O Feitiço
Cada luz da manhã nos nossos olhos, uma ferida. Cada anoitecer ensalivado, mais um mergulho num furacão. Não vamos desperdiçar o tempo. Vamos levando a boca à garrafa, os olhos ao fumo. Vamos levando as mãos ao peito, esmagado de introversão. É uma terceira puberdade. Uma segunda infância. Uma primeira velhice. Em que todas as luzes se apagam. Dançamos s e m e s c r ú p u l o s em todas as espeluncas, saltamos com tanta força que voamos, ou ficamos flutuando em cambalhotas no ar. A música penetra-nos até à virgindade. Não há roupa sem suor. A gravidade arranha-nos os tendões, vagarosa.

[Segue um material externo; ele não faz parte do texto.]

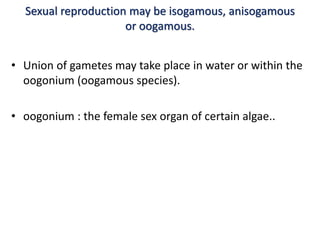 Isogamous Algae classification and Bryophytes | PPTX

Corremos à chuva pelo autocarro, damos a mão e o nosso cachecol é subitamente a p r ó p r i a g a l á x i a ; depressa nos vemos perdidas. Tudo é mágico nesta história. As facas da cozinha. O açúcar amarelo. Os lençóis. Os cereais de pequeno almoço. Os metros infindáveis. Chegamos a casa já fazendo amor. As minhas roupas correm a tapar todas as janelas, o escuro agarra-nos os corpos. E somos apenas notas de uma melodia maior. Tudo é trágico nesta história. O medo. As plantas da sala de estar. As lágrimas. As promessas. ...Mas as roupas caem e mesmo junto da luz, o feitiço não se quebra.